Would it be the worst thing in the world if people were to become extinct? a column published by the New York Times has asked.
Todd May, a Clemson University philosophy professor, raised the macabre question Monday in a guest opinion piece amid what he described as an upward trend in academic conversations about human extinction “given the increasingly threatening predations of climate change.”
“Human beings are destroying large parts of the inhabitable earth and causing unimaginable suffering to many of the animals that inhabit it,” May wrote, listing the effects of man-made climate change and a growing global population rate as examples. “If this were all to the story there would be no tragedy. The elimination of the human species would be a good thing, full stop.”
But May added that people “bring things to the planet that other animals cannot,” including reason, art, and science.

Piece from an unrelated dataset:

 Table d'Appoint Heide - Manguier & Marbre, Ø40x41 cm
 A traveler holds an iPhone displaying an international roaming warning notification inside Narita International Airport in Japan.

“It may well be, then, that the extinction of humanity would make the world better off and yet would be a tragedy. I don’t want to say this for sure, since the issue is quite complex. But it certainly seems a live possibility, and that by itself disturbs me,” he wrote. “It may also turn out that it is through our own actions that we human beings bring about our extinction, or at least something near it, contributing through our practices to our own tragic end.”
A Monmouth University poll released in November found that while a majority of Republicans now believe in climate change, many still don’t consider it to be a man-made phenomenon, though NASA states at least 97 percent of publishing climate scientists agree human activities are likely driving climate change. President Trump often refers to climate change as “a hoax,” pulling the U.S. out of the Paris climate agreement and rescinding a number of Obama-era regulations aimed at protecting the environment.
May, an anarchism and post-structuralism specialist, works as an adviser on NBC fantasy comedy “The Good Place.”